* _EXERCISE INSTRUCTIONS_
A word-for-word copy of the data is what's wanted, with no pictures.

* _PROVIDED DATA_
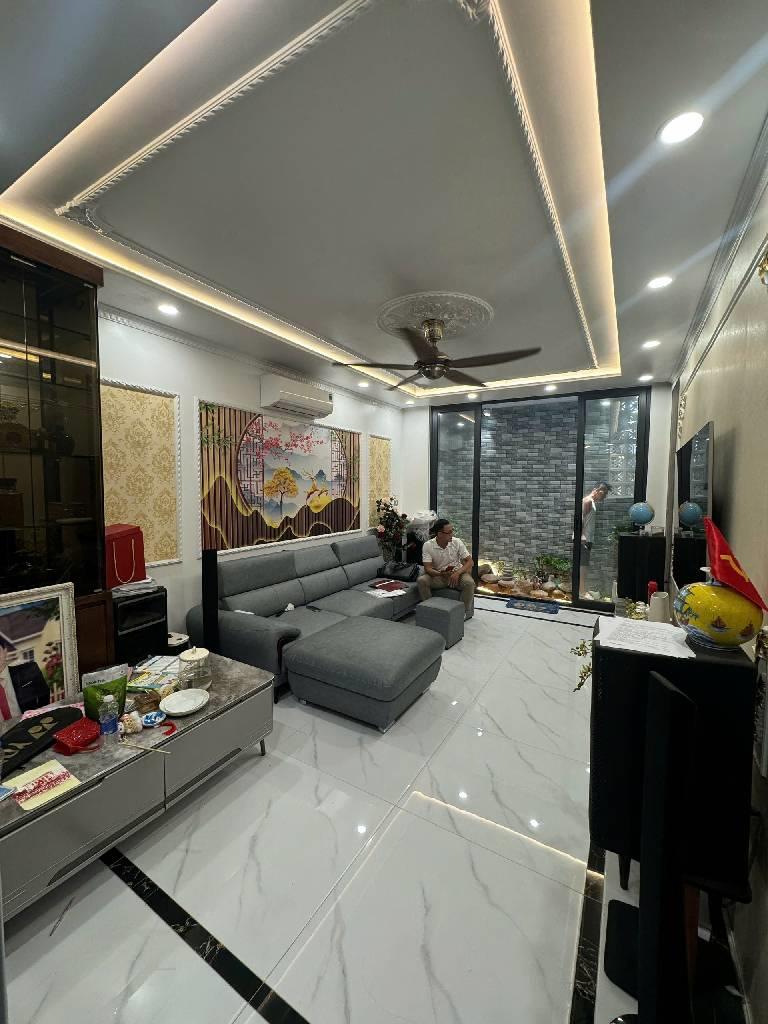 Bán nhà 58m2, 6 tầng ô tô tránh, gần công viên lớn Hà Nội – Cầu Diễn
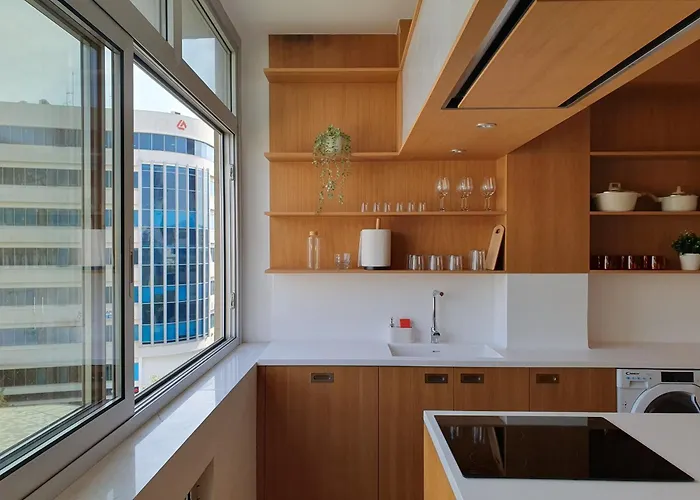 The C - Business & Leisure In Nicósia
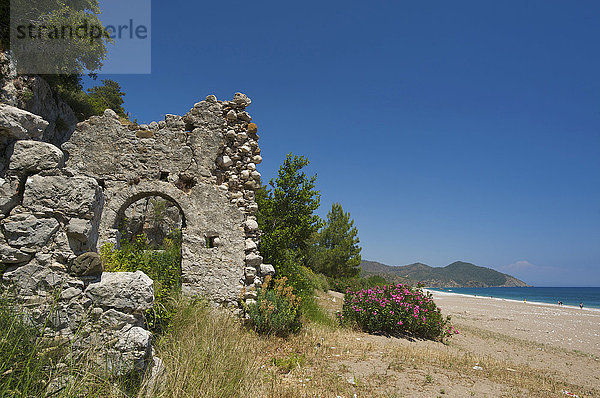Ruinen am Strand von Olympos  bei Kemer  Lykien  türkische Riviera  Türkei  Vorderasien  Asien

* _RESULT BELOW_
 Bán nhà 58m2, 6 tầng ô tô tránh, gần công viên lớn Hà Nội – Cầu Diễn
 The C - Business & Leisure In Nicósia
Ruinen am Strand von Olympos  bei Kemer  Lykien  türkische Riviera  Türkei  Vorderasien  Asien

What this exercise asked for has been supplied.